> _Problem requirements_: With the pictures removed, write out the data below exactly.

> _Data shown_:
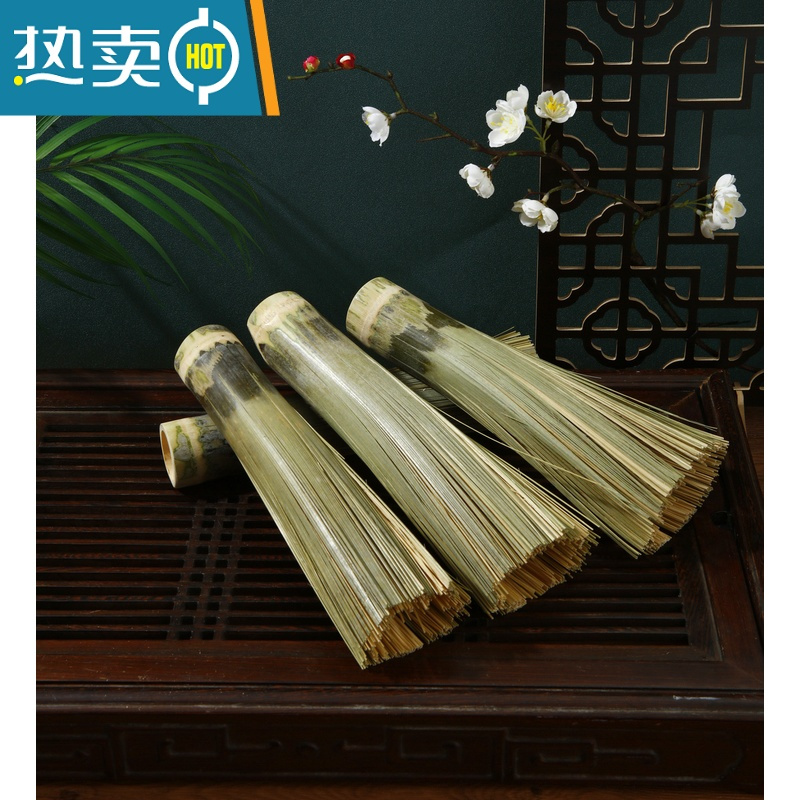 敬平新款洗碗海绵制作片刷清洁厨房用刷饭店酒店专用洗锅竹刷子 竹刷子3把带绳子
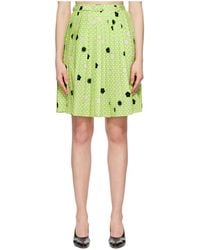 MM6 by Maison Margiela - Floral-Print Pleated Skirt - Lyst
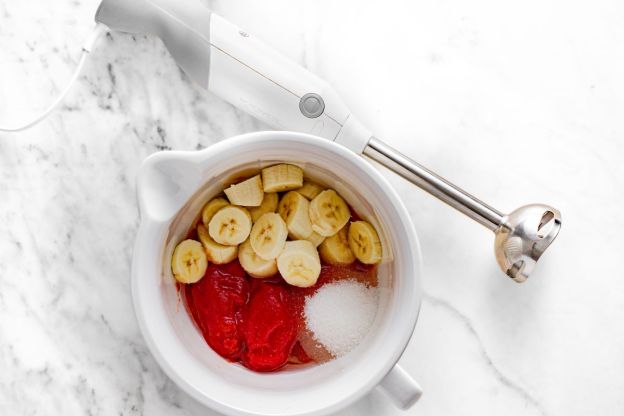 piernik pomidorowy - blendowanie masy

> _Written answer_:
 敬平新款洗碗海绵制作片刷清洁厨房用刷饭店酒店专用洗锅竹刷子 竹刷子3把带绳子
 MM6 by Maison Margiela - Floral-Print Pleated Skirt - Lyst
 piernik pomidorowy - blendowanie masy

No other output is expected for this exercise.